** Opening Supplied material block **

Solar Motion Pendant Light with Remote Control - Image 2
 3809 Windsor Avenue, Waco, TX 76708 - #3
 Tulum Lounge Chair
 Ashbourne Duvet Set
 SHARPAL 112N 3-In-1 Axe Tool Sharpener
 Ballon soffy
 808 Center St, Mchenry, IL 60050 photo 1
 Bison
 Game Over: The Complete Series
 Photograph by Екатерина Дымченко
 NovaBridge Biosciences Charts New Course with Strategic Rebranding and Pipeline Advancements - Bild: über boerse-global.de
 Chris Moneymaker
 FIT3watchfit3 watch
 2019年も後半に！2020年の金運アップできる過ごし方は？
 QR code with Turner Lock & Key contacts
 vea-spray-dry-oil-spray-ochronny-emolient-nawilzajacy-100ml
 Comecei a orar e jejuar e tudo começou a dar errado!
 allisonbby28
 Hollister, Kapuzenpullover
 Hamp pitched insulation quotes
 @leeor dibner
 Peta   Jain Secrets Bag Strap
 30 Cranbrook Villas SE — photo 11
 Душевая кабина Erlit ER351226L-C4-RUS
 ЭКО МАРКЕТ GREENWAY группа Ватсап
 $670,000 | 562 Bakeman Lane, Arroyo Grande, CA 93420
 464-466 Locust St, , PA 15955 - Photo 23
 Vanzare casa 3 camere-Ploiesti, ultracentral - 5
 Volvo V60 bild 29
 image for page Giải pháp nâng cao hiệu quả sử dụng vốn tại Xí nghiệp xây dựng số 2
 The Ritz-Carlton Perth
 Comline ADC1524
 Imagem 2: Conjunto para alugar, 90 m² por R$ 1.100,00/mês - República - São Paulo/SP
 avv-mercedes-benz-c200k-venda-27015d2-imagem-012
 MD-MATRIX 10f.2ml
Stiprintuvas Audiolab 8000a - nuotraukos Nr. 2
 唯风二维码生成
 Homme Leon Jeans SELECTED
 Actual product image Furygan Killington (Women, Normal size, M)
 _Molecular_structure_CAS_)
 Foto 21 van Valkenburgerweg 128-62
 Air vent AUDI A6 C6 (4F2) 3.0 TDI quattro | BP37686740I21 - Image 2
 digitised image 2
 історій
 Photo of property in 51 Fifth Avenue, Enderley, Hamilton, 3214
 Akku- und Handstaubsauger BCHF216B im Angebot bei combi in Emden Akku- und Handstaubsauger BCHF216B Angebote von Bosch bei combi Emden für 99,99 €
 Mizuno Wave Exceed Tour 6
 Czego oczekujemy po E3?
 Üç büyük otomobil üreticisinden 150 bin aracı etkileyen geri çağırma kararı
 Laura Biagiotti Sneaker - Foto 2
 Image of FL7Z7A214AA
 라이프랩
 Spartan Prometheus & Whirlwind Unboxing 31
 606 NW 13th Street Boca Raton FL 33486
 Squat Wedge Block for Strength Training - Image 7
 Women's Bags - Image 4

** Closing Supplied material block **

- _Exercise details_: Check each line of the data for the string "Avenue" and state how many lines contain it, without any other output.

- _Solution_: 2